Je vous livre mon pronostic : El Himma n’a pas fini de se comporter comme une sorte de roi bis. Ce n’est pas un homme mort. Bien contraire, il continuera d’agiter le drapeau royal, d’une manière directe ou en passant par ses innombrables relais. Il fera ce qu’il a toujours fait, avec la bénédiction de son ami le roi. Ce qui change, c’est qu’il n’agira plus en tant que “numéro 18 du PAM” (bien qu’il en soit le fondateur et le leader naturel, El Himma s’est toujours présenté comme le numéro 18 sur la liste des dirigeants du PAM !), ce que personne n’a jamais pris au sérieux, mais en sa nouvelle qualité de conseiller royal. Le fond reste le même mais l’emballage n’est plus le même. El Himma sort par la fenêtre pour revenir par la grande porte. Délesté du facteur PAM, qui ressemble aujourd’hui à un fardeau, l’ancien député de Rhmana se situe plus que jamais au cœur du pouvoir.
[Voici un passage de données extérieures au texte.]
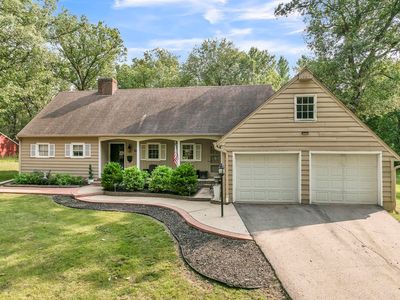 26 Westwood Dr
La nomination d’El Himma devient ainsi une manière de légitimer son action, sans plus. C’est aussi une manière de la clarifier, voire de la moraliser. Et là, j’ouvre une parenthèse pour rappeler ce que nous écrivions, dans ces mêmes colonnes, en juillet dernier : “Si le roi, et c’est son droit le plus absolu, a besoin des services d’El Himma, il peut toujours l’intégrer au sein de son cabinet de conseillers. Personne n’y trouverait à redire, du moment que le roi peut s’entourer de qui il veut”.
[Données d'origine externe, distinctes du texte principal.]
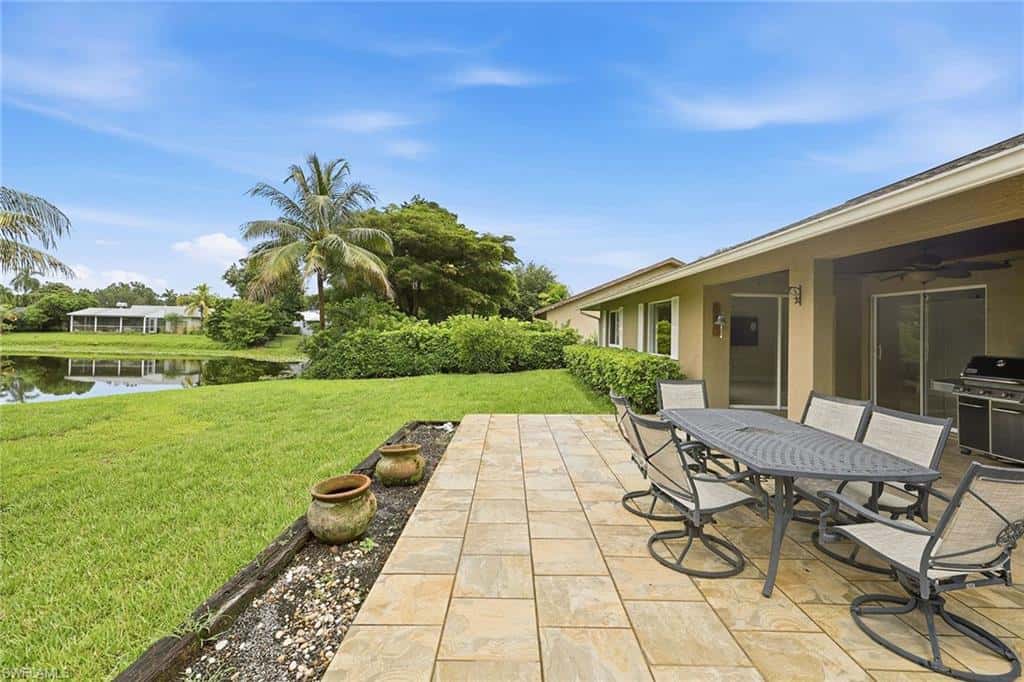 1073 Alhambra Cir, Naples, photo 14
La meilleure manière d’appréhender cette nomination est de la considérer dans son contexte global. Ce n’est pas un acte isolé puisque le roi a déjà intégré au sein de son cabinet des éléments comme Yassir Zenagui, actuel ministre du Tourisme et financier de première main, ou Abdeltif Menouni, Monsieur Constitution. Ajoutées aux Moâtassim, Chraïbi, Kabbaj et bien d’autres, les nouvelles “recrues” viennent compléter le casting d’une sorte de gouvernement bis regroupé autour du roi. Ainsi constituée, la nouvelle garde rapprochée aura pour mission de gouverner parallèlement aux islamistes. Elle sera chargée de porter la vision royale, voire, au besoin, d’inhiber ou de contrecarrer les actions du futur gouvernement PJD.
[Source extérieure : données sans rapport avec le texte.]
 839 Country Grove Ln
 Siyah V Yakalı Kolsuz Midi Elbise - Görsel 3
S’il y a un sens à donner à tout cela, c’est peut-être celui-ci : le Pouvoir est en train de se réorganiser à grande vitesse depuis l’arrivée des islamistes aux affaires. Et le roi est en première ligne. Ce n’est pas un hasard si Mohammed VI a reçu le nouveau Chef du gouvernement à Midelt. Cette petite localité coincée aux pieds du Moyen-Atlas a été, en 2010, le théâtre du plus grand scandale lié à la gestion locale du PJD. Le roi aurait pu interrompre sa tournée à Midelt pour recevoir Abdelilah Benkirane à Rabat, conformément à une certaine coutume makhzénienne. Il ne l’a pas fait, préférant au contraire installer Benkirane à Midelt même, alors qu’il avait les moyens de déplacer le cérémonial à Fès ou Meknès, principales villes impériales de la région. Dans la foulée, et avant même la constitution du gouvernement Benkirane, le roi a pris les devants pour installer, par une série de dahirs, les nouveaux ambassadeurs du royaume. Ce qui viole, au passage, l’esprit de la nouvelle Constitution, censée apporter plus de pouvoir au Chef du gouvernement.
En bref, Mohammed VI a choisi de marquer son territoire. Les islamistes sont aux affaires et le roi est en train de leur rappeler, à eux comme à nous, que c’est lui qui garde l’essentiel du pouvoir.